Wherever I have been in this world, I have always tried to find a special place, a sanctuary that I can retreat to and be quiet, alone with my thoughts. It is important to me to have such a place. It does not matter what my state of mind is, it will always be improved by a visit here. When I am troubled and burdened, I will come to this island of calm, reassuringly unchanged and unchanging, unfazed by the problems of life and find I can lay my worries out and discover God’s counsel. If I am happy, I find my joy and thanksgiving amplified.
I recently asked “Just Jump In” to share about her sanctuary or quiet place and she had a very nice and cosy one. It was indoors which is perfect when the winter winds are blowing and ice storms are causing havoc. Generally, most of my sanctuaries are out in nature where I can commune with the sky, the water, the earth and the life around. However, that really was not possible or comfortable at -40 degrees Celsius.

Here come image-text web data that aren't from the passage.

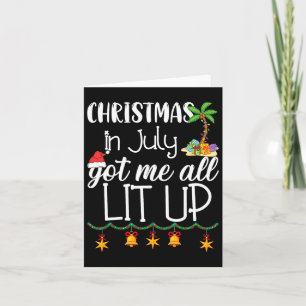 Christmas In July Summer Xmas Decoration Men Women Card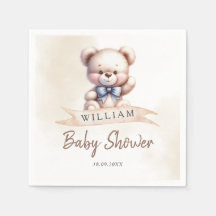 Mooie teddybeer baby shower waterverf op maat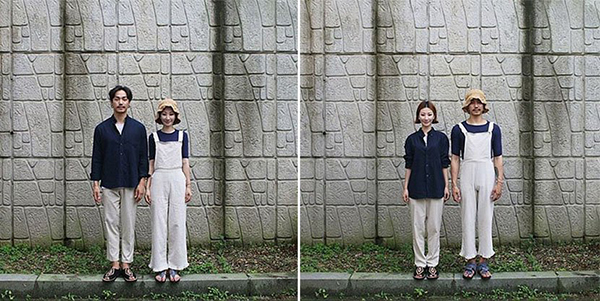 趣看｜韩国夫妻老婆网店太有爱，店主兼任模特大玩换装秀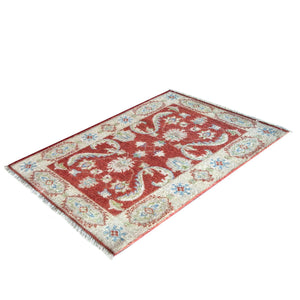 Fine Hand-knotted Wool Small Rug 60cm x 94cm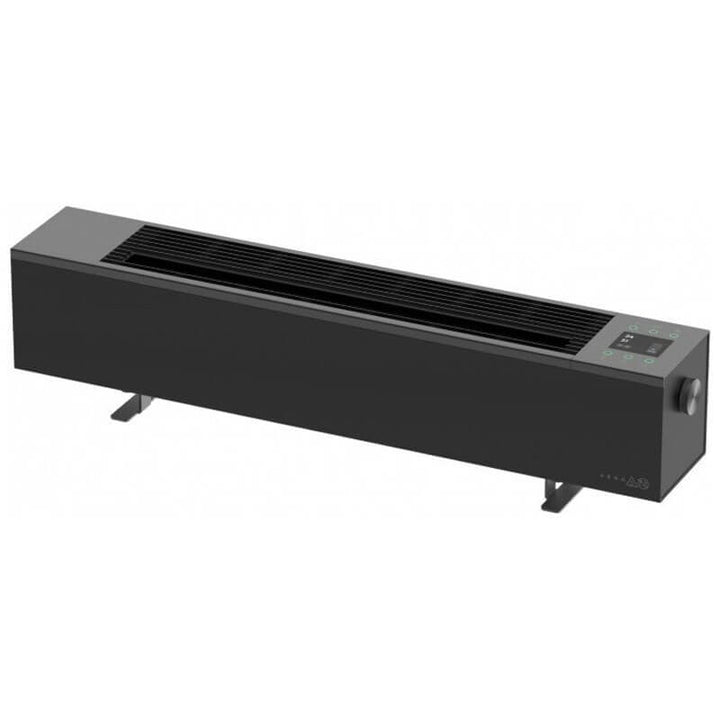 Конвектор с ефект на истински огън AENO - AFH0002S, 2000W, черен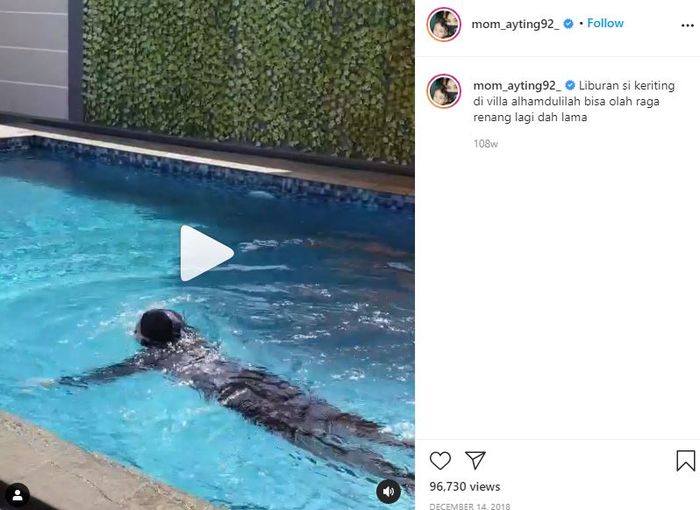 Villa mewah Ayu Ting Ting dilengkapi kolam renang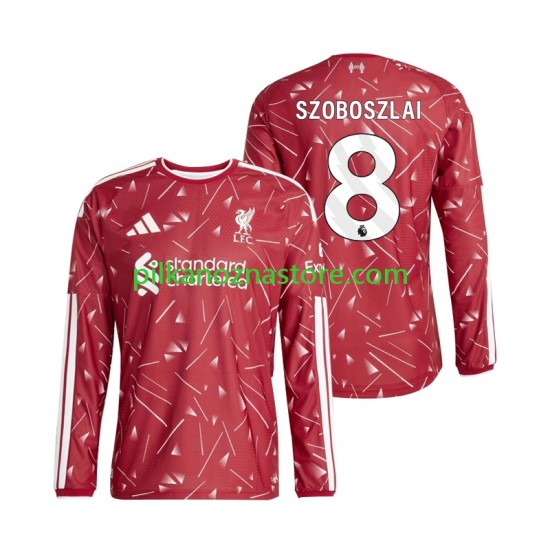 Liverpool Dominik Szoboszlai 8 Koszulka Męska Domowy 2026-2027 Długie Rękawy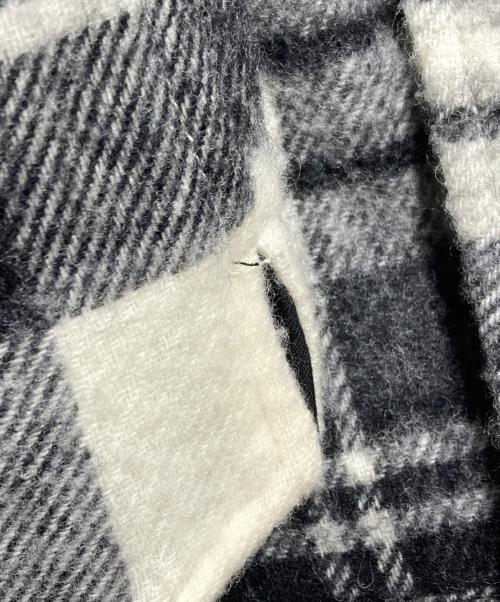 WE11DONE（ウェルダン）WE11DONE (ウェルダン) Grey Wool Plaid Anorak Jacket/グレーウールプラッドアノラックジャケット ホワイト×ブラック サイズ:Mの古着・服飾アイテム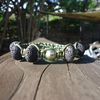Bracelets Shamballa (ou Shambalha) avec perles de Tahiti.
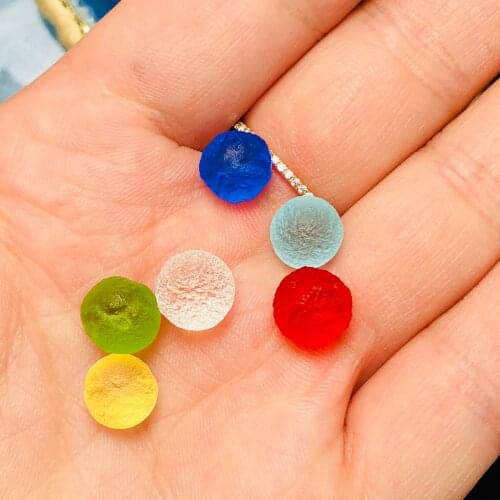 15MM!!6Pcs colored natural grindstones the Czech meteorite hit the glass beads rough stone crystal energy stone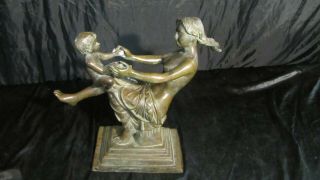Maitland Smith Bronze Sculpture - Mother And Child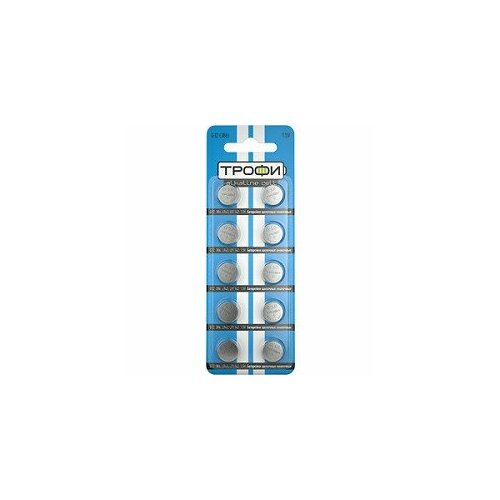 Трофи G12 386 LR1142, LR43 Energy Power Button Cell 200 1600 140800 10 шт. в уп-ке батарейка kodak lr43 lr1142 386 ag12 g12 rw84 10 шт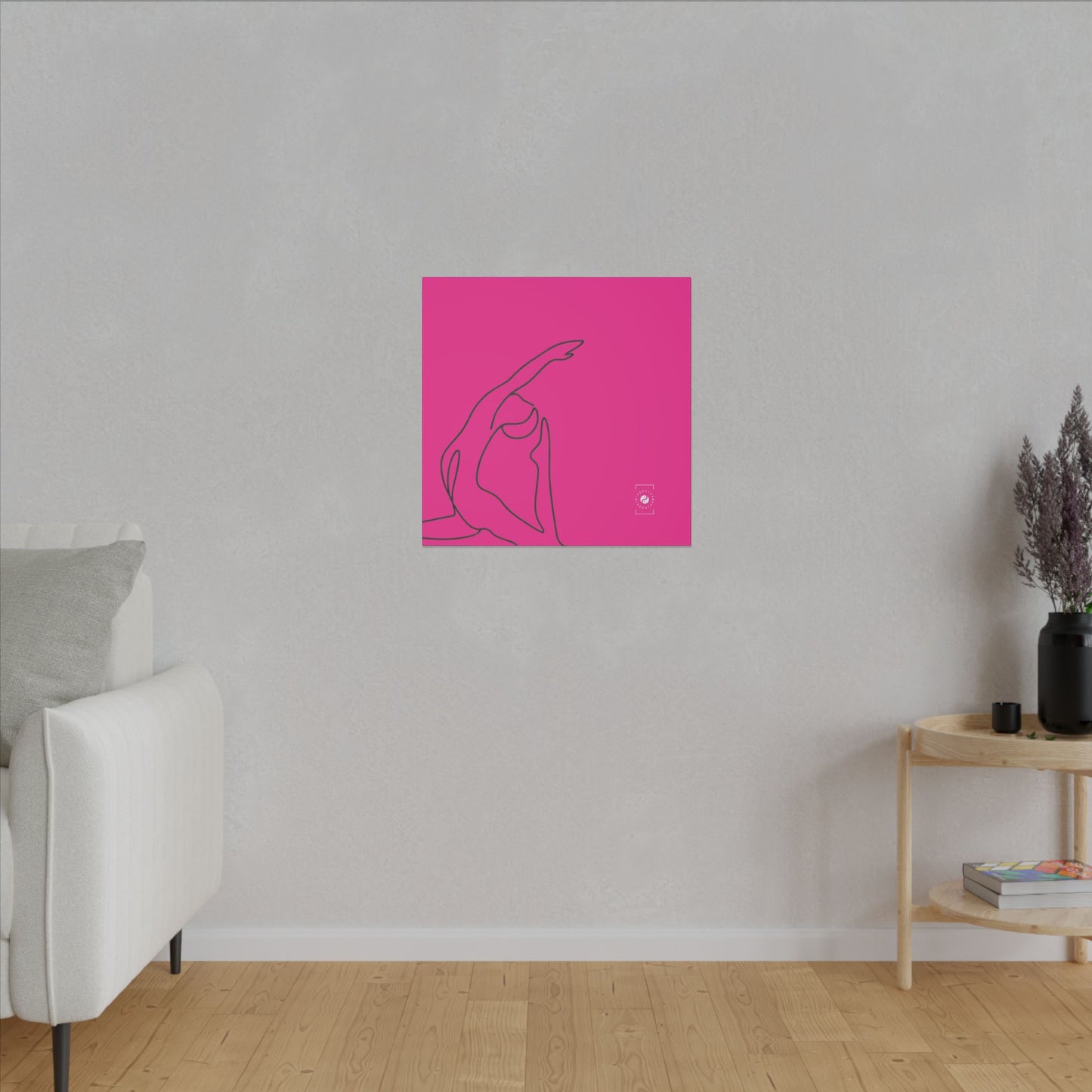 Line Art Pigeon Pose - Art Print Canvas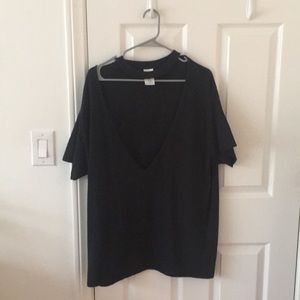 Oversized cutout shirt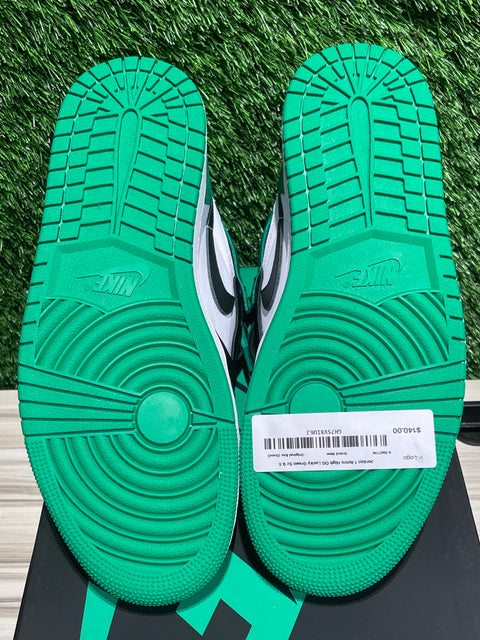 Jordan 1 Retro High OG Lucky Green Sz 9.5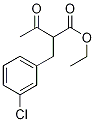 Ethyl 2-(3-chlorobenzyl)-3-oxobutanoate Struktur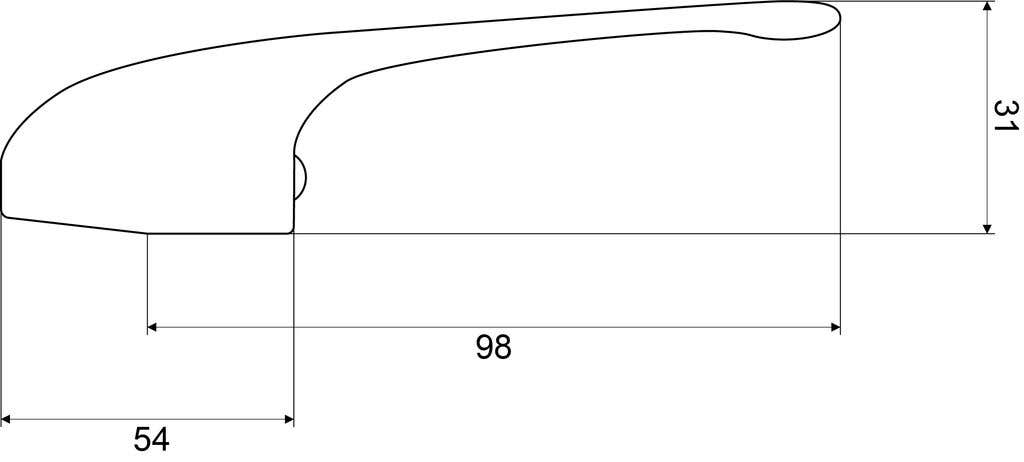 Mildon Mixer Handle Suits 42mm Mixer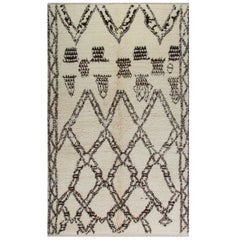 Tapis berbère marocain Beni Ourain fait main, 100 % laine. Options sur-mesure disponibles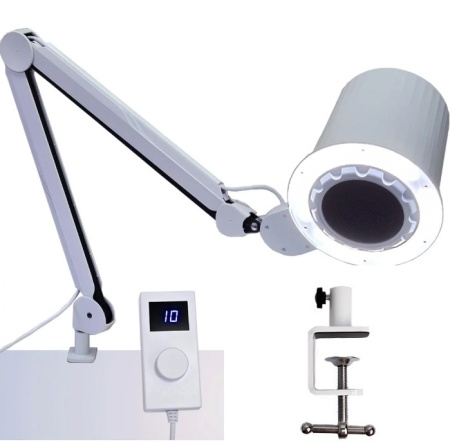 Lampa cu Aspirator Manichiura Tip Clopot 41W - Roti Mobile plus Prindere de Masa - Img 1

When I studied in Ottawa, Canada, I was in need of such a sanctuary in winter which was protected from such extreme elements. Otherwise, I might strike a medatative pose in a park and as I fade into comatose, wonder if it will only be in Spring when they realise my frozen form was not a park ornament.
I was pleased and surprised to find my winter sanctuary in the National Art Gallery in Ottawa. Now the art pieces are all very interesting and pretty but it was the courtyards in the centre of the building which were my prized discoveries. In particular, there was a water court and a green court, for want of better names.
I am a sucker for water. Someone once pointed out to me that almost 90 percent of my photographs had some body of water in it. The water court had slowly rippling water. The sound of it is as peaceful, soothing and stress draining as anything I know. People throw coins into it and that just makes it a bit different and interesting each visit. It could only have been better if they would let me wiggle my toes in the water but I believe such behavior is frowned upon. Anyway, I could lose myself for hours, listening to the flowing water, watching the ripples and the patterns of the water flowing across the glass.
Then there was the “green” court which to me was like a meadow of wildflowers meeting the edge of a verdant, dark but friendly forest. Green is the most soothing color for the eyes and this place was green in abundance especially when compared to the grey skies outside. The green though was contrasted with the reds of the flowers which spoke of the promise of spring and eternal re-birth. It was peaceful, soothing and yet as primeaval as life itself.
If you ever get the chance to go to the National Art Gallery of Canada in Ottawa, by all means enjoy the fine art collection but save some time to visit these courts. I hope what I have tried to explain here will be self-evident to you and you will come away recharged and with new zest.